Are you tired of pedaling a stationary bike or an elliptical machine? Are you in search of a little adventure? If so, maybe you’re ready to get outside and try real biking. Don’t worry if several years have passed since you last rode a bike. As the saying goes, “You never forget how to ride a bicycle.” However, although the fundamentals of bicycling haven’t changed since you owned a ten-speed (or maybe a three-speed), many other aspects of this sport have, most of which have made it both more accessible and more enjoyable.
Technology has greatly enhanced bicycles, bicycle helmets, and even bicycling clothes. Biking clubs have sprouted up across the United States, making it easier to find others to ride with. And more communities are becoming more bike-friendly by, for example, establishing bike lanes or separate bike paths, providing bicycle parking areas, and installing bike racks on trains and buses so that bikes can be transported with their riders.
So if you haven’t touched your bike in years, now’s the time to get it out, dust it off, take it in to your local bike shop for a tune-up (very important), and assess whether you need any new biking accessories, such as new helmet, bike lock, or biking gloves, or even a new bike.
Biking is a enjoyable activity that you can do alone or with others. It can be a good way to explore new places or to simply enjoy old favorites. There is nothing like riding down a bike path or a trail feeling the breeze on your face and the sun on your back. People who use a bike to commute to work or run errands can also have the satisfaction of knowing they’re getting some exercise and not adding any pollution to the air.
Besides being a pleasant activity, biking works the muscles in your legs and arms, increases your lung capacity, and helps you maintain a healthy heart. In addition, all forms of aerobic exercise, including biking, help improve your body’s response to insulin and lower blood glucose levels.
Even if you regularly do some other type of aerobic exercise, varying your routine with an occasional bike ride will challenge you physically and stimulate you mentally. Cross-training of any type works your muscles a little differently, may help prevent overuse injuries, and keeps you from getting bored with your exercise routine.
Trails or roads?
If you already have a bike and don’t wish to buy a new one, the style of your bike will probably determine where you will ride it. If you’re in the market for a new bike, however, you may want to think first about where you intend to bike — on trails or on roads — before buying one.

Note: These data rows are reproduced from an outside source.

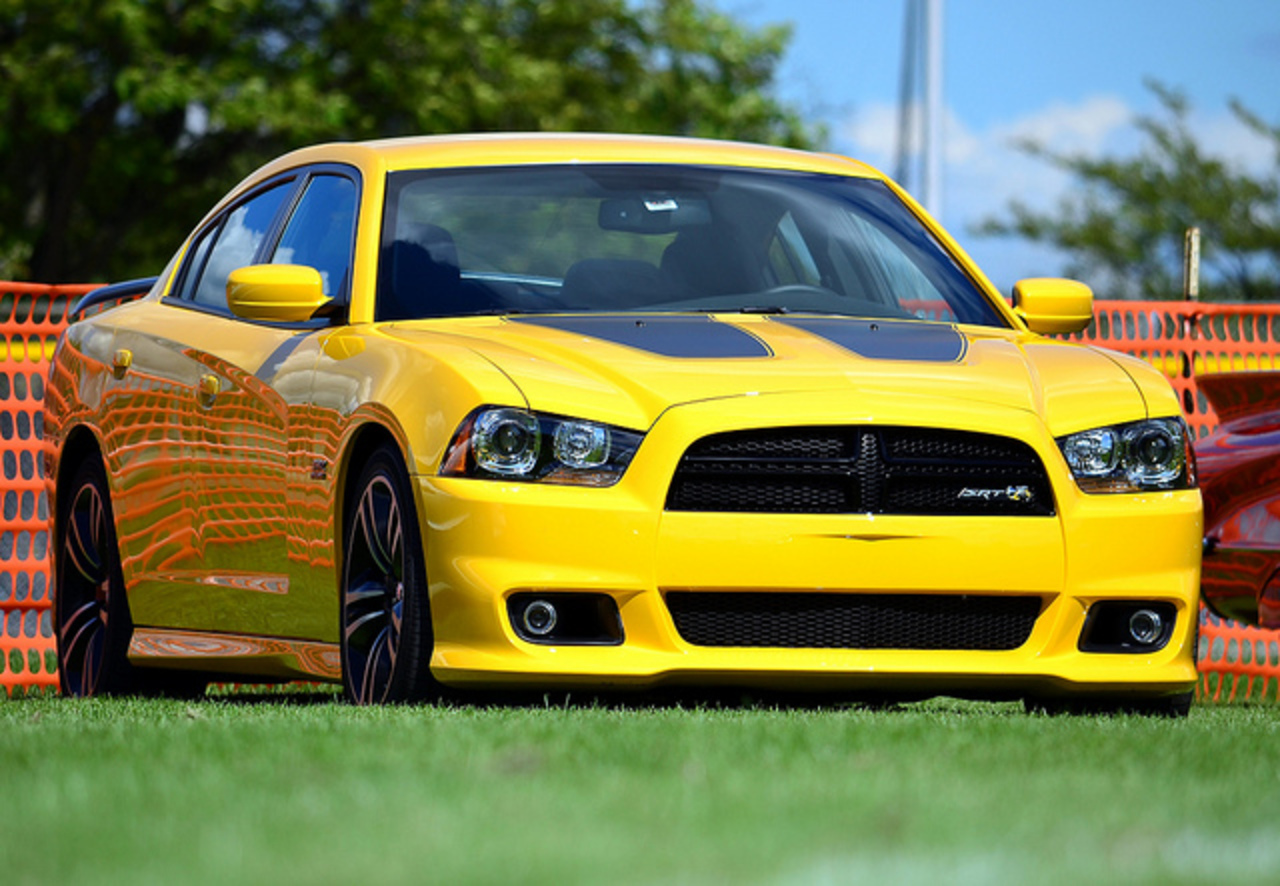 Dodge charger SRT8 Super Bee 2012 / Flickr - Partage de photos!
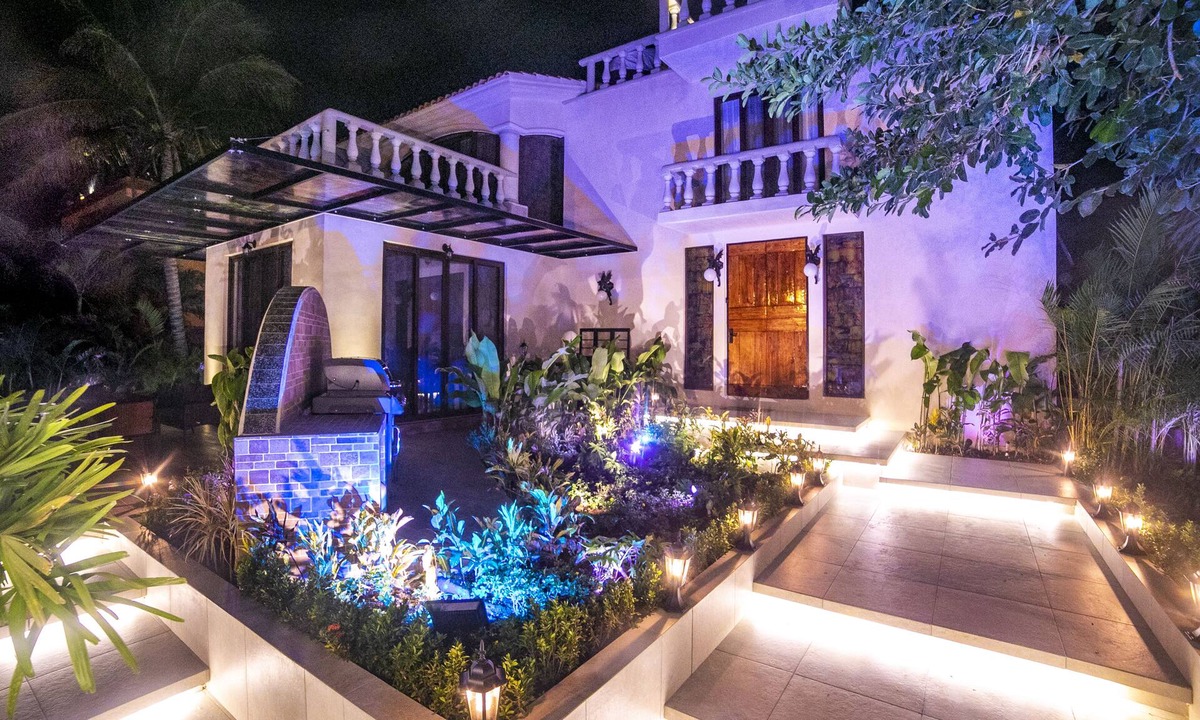 Playacar Fase I Villa | All inclusive, Ocean View luxury Villa , 79 Steps from the beach,3 jacuzzi, pool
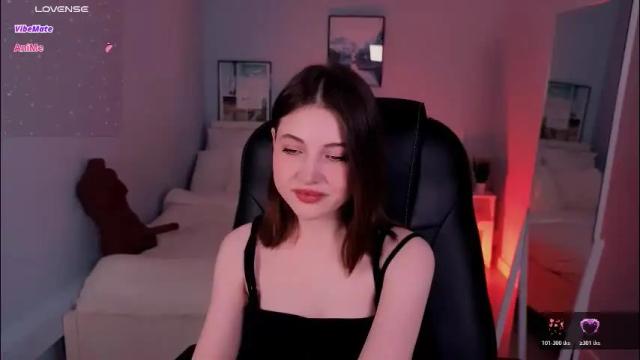 Image 6 of kimmie_shine Stream on Chaturbate on 2 months ago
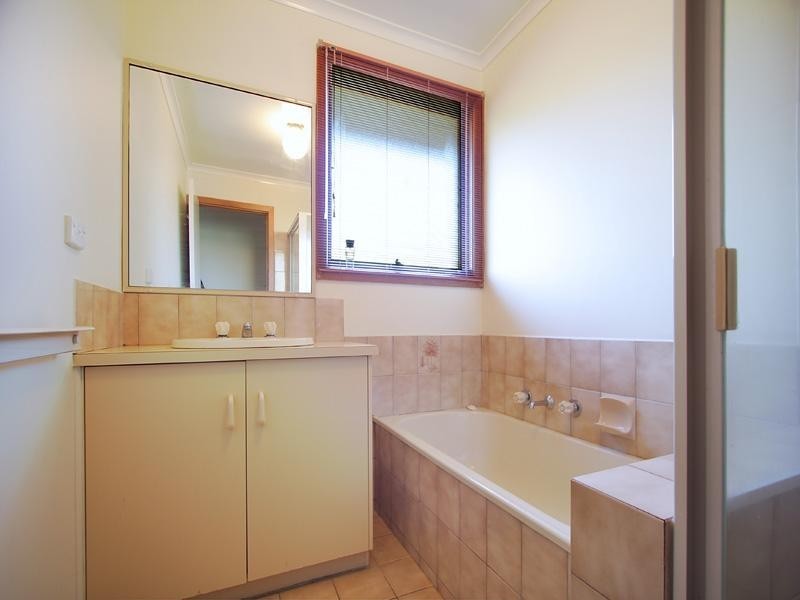 2/5 Salisbury Court, Glen Waverley VIC 3150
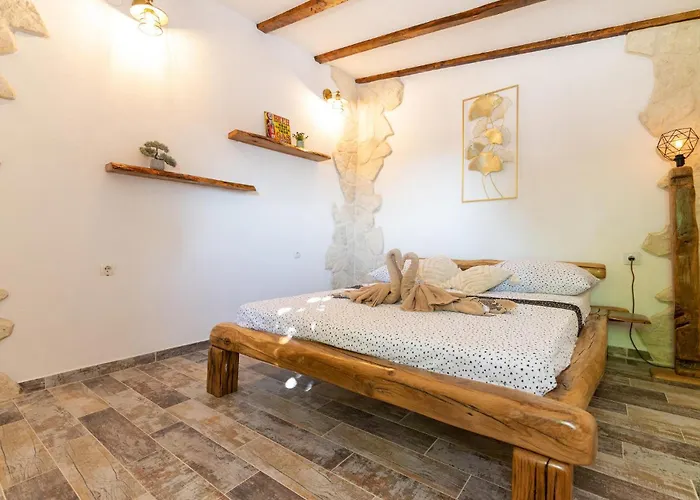 2 Bedroom Beautiful In Prázdninový dům Benkovac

Biking on roads is convenient since you can usually just hop on outside your front door and go. However, if you have to share the road with cars, biking on roads can be scary and even dangerous. Seeking out quieter streets, back roads, and bike paths may make for more enjoyable and safer bike riding. If you intend to ride on roads, you will want either a road bike with fairly thin tires and a lightweight frame or a somewhat heavier “city bike.” If you plan to commute on your bike, you might even consider getting a foldable bike for easier storage at your home and workplace.
If you prefer biking on trails, you’ll probably need a mountain bike. Mountain bikes have fat, knobby tires and a thick frame, making them both sturdier and heavier than road bikes. They are also much slower on roads than road bikes. Unless you are lucky enough to live near a trailhead, mountain biking usually requires driving to your destination. (It’s worth noting that not all hiking trails are open to bikes, so you will need to research where mountain biking is permitted in your area.)